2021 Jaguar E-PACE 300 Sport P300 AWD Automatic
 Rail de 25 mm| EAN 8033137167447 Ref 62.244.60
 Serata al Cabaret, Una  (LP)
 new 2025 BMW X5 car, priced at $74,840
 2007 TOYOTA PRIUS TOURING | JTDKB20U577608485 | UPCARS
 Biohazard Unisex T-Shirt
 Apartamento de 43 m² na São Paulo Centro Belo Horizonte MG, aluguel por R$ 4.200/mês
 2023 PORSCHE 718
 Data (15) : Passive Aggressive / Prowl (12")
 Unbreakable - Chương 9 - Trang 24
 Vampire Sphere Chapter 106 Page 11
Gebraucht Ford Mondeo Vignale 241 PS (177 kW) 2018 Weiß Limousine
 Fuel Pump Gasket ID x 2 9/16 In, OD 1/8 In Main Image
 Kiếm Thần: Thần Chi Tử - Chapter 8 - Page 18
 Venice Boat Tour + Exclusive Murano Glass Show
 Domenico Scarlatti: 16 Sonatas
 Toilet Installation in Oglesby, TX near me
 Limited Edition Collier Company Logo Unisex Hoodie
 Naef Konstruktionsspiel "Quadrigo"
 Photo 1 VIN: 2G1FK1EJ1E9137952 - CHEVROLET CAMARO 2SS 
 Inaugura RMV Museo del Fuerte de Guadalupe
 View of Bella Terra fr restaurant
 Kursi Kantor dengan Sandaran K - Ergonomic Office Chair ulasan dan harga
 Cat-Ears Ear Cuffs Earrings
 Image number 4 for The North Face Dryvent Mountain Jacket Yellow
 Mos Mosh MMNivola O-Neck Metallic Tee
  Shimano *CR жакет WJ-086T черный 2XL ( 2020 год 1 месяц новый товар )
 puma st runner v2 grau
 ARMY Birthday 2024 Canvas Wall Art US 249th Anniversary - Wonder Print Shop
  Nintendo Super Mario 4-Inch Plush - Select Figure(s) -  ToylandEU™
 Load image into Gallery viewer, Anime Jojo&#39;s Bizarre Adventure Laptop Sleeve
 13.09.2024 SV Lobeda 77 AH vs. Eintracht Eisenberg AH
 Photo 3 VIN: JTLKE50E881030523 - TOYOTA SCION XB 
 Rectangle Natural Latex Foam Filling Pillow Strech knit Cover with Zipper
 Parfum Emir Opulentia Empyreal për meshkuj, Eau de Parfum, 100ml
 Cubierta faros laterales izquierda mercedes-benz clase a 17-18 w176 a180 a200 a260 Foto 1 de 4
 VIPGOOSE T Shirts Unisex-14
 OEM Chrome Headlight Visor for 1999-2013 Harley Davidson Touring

☆ ☆ ☆ ☆ ☆

== PROBLEM DESCRIPTION ==
Give the exact lines, and only those, from the line containing "ARMY Birthday 2024" through the line containing "Rectangle Natural Latex" in the entries above.

== EXPECTED ANSWER ==
 ARMY Birthday 2024 Canvas Wall Art US 249th Anniversary - Wonder Print Shop
  Nintendo Super Mario 4-Inch Plush - Select Figure(s) -  ToylandEU™
 Load image into Gallery viewer, Anime Jojo&#39;s Bizarre Adventure Laptop Sleeve
 13.09.2024 SV Lobeda 77 AH vs. Eintracht Eisenberg AH
 Photo 3 VIN: JTLKE50E881030523 - TOYOTA SCION XB 
 Rectangle Natural Latex Foam Filling Pillow Strech knit Cover with Zipper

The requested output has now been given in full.